ABC News reported on July 4th that Florida’s Gold Coast is suffering from a nearly worst-ever tourist turnout. Hundreds of millions of tourist dollars have already been lost, and more economic fallout will follow.

As far back as 1999, concerns over phosphorus loading from agriculture were being presented by the State of Florida Environmental Protection Agency. In 2011, even more clarity regarding phosphorus runoff into Lake Okeechobee, largely from area agriculture, was brought to light:

Water quality in the lake has degraded over time due to high phosphorus loadings resulting from man-induced hydrologic and land use modifications over the past 60 years. The total phosphorus concentrations that currently exist in the lake are in excess of the amount needed for a healthy ecosystem. The in-lake total phosphorus concentrations have doubled over the last 50 years ….

Gold Coast Algae Bloom
Gold Coast Algae Bloom

With all the aforementioned heavy rain, in February, 2016, concerns over flooding resulted in the Army Corp of Engineers decision to drain Lake of Okeechobee at a rate of 70,000 gallons per second. And eventually all this dirty water flows to the tourist areas … bringing HABs with it.

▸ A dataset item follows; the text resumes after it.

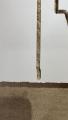 IMG_1169.jpeg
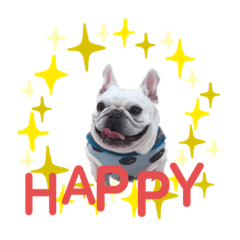 フレンチブルドッグ ムク 敬語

A February 26, 2016 article by ThinkProgress.org was downright prophetic in predicting the “What Happens Next” stemming from this inevitable, if ill-fated, decision.

The simple fact is this: too many nutrients in water are a bad thing. They present a problem that spreads with runoff from land, which flows into waterways and then moves to other areas. Florida’s Gold Coast may be the latest, and most glaring example. But it is far from the only one.